Local datasets scaling graph v2 #77

ploh · 2017-01-06T09:08:35Z

Scale the graph and time curves of a derived dataset alongside the area attributes - and refactor scaling of the latter.

(Followup PR since #73 accidentally closed and reopening impossible)

codecov-io · 2017-01-06T09:15:45Z

Current coverage is 93.18% (diff: 100%)

Merging #77 into local-datasets will increase coverage by 0.27%

@@           local-datasets        #77   diff @@
================================================
  Files                  62         64     +2   
  Lines                1609       1674    +65   
  Methods                 0          0          
  Messages                0          0          
  Branches                0          0          
================================================
+ Hits                 1495       1560    +65   
  Misses                114        114          
  Partials                0          0

Powered by Codecov. Last update dbd83a0...6f47a35

antw · 2017-01-06T15:43:26Z

I pushed a fix for the incorrect energy_regasification_lng demand. You needed to scale edge demand in addition to node demand. 😃

ploh · 2017-01-09T10:04:00Z

I pushed a fix for the incorrect energy_regasification_lng demand.
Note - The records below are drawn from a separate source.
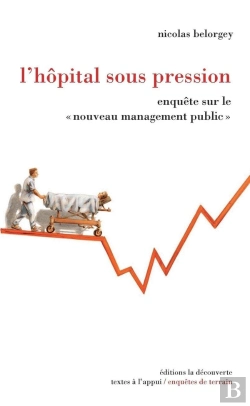 Bertrand.pt - L'Hôpital Sous Pression ; Enquête Sur Le « Nouveau Management Public »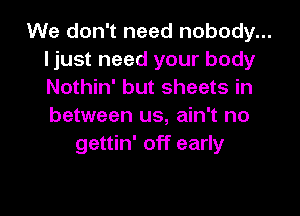 We don't need nobody...
ljust need your body
Nothin' but sheets in

between us, ain't no
gettin' off early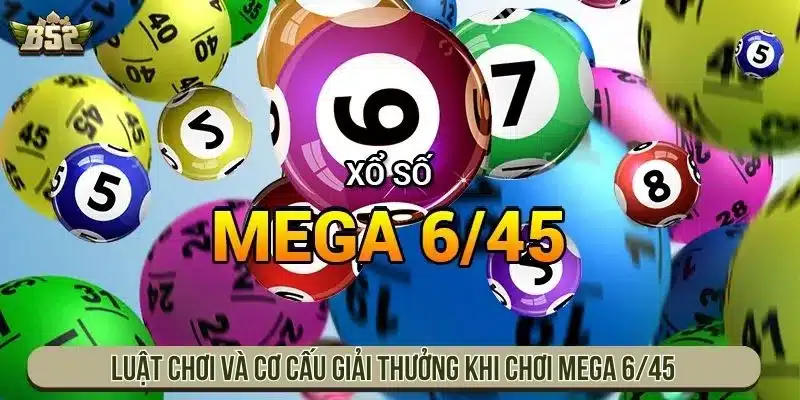 Luật Xổ Số Mega 6/45 Chi Tiết Với Cơ Cấu Giải Cụ Thể Luật chơi và cơ cấu giải thưởng khi chơi Mega 6/45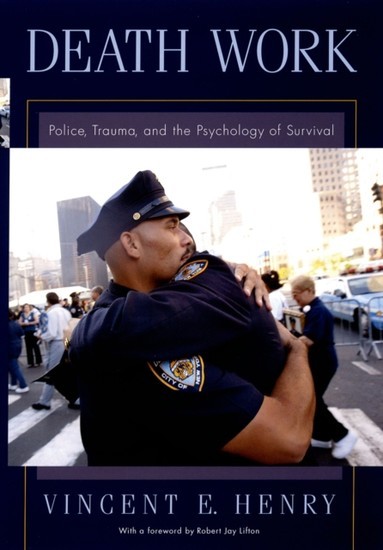 Death Work: Police, Trauma, and the Psychology of Survival main product photo
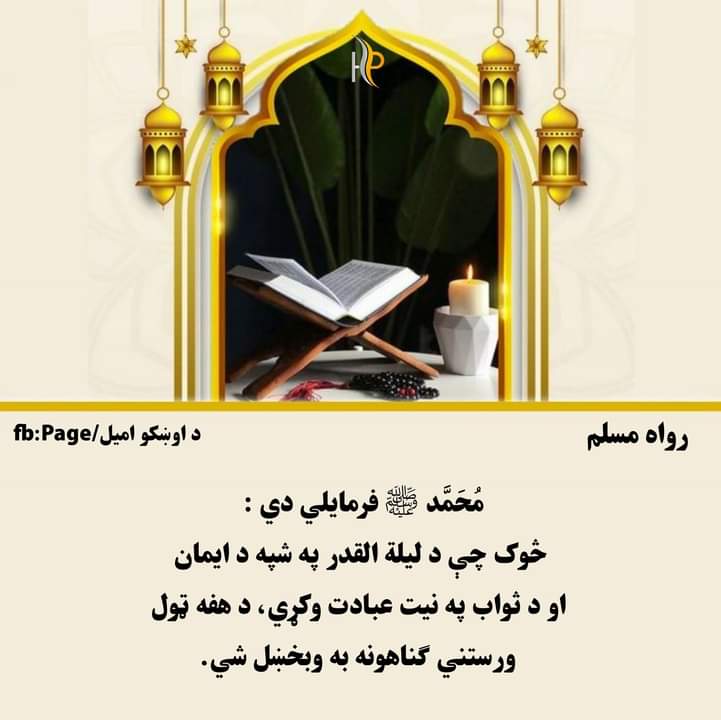 مُحَمَّدٍﷺ فرمایلی دی:
تاسی د قدر شپه د رمضان یعنی روژی میاشتی په اخری عشره طاق شپو کی ولټوۍ
د قدر شپه هغه شپه ده چی پدی شپه د الله(ج) مبارک کتاب قرآن کریم نازل شویدی پدغه شپه عبادت کول د زر  میاشتو د عبادت کولو سره مساوی دی او ثواب لری❤️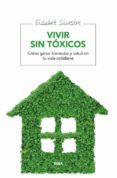 VIVIR SIN TOXICOS: COMO GANAR BIENESTAR Y SALUD PARA TU FAMILIA de SILVESTRE, ELISABET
You needed to scale edge demand in addition to node demand. 😃

@antw Thank you very much 👍
Now my tests are successful for all node demands as well as final demand Co2 emissions.

btw: I did not know that edges could have a set demand. Now I checked and found out that only these do:

energy_regasification_bio_lng-energy_national_gas_network_natural_gas@greengas
energy_regasification_lng-energy_national_gas_network_natural_gas@natural_gas

What is so special about them?

ploh · 2017-01-09T12:29:02Z

I still have some open questions:

demands/metal_demands.csv, primary_production.csv and central_producers.csv all have a demand column. Now these files are certainly used by dynamic node attributes which are calculated in Atlas::Runner and the computed values are stored in graph.yml for a derived dataset. Hence, we might not need to scale the csv files - since the values in graph.yml will be scaled themselves.
But... are these files maybe also directly accessed by ETEngine?
My source code search found only one such place, namely in Etsource::Dataset::Import. There, only the full_load_hours attribute is read from the central_producers.csv.
@antw How certain are you that there are no direct uses of demand (or max_demand) from one of these files?
To ensure the correctness of the scaling, I successfully checked all node demands as well as all final demand Co2 emissions. But I do not think this is sufficient.
I would like to (automatically) check all gqueries. (This can then also be set up as an automated CI task.)
@ChaelKruip Do you think this is a good idea of validating the scaling?
@antw Is there some sort of "query rake task" in etengine which I could use for this?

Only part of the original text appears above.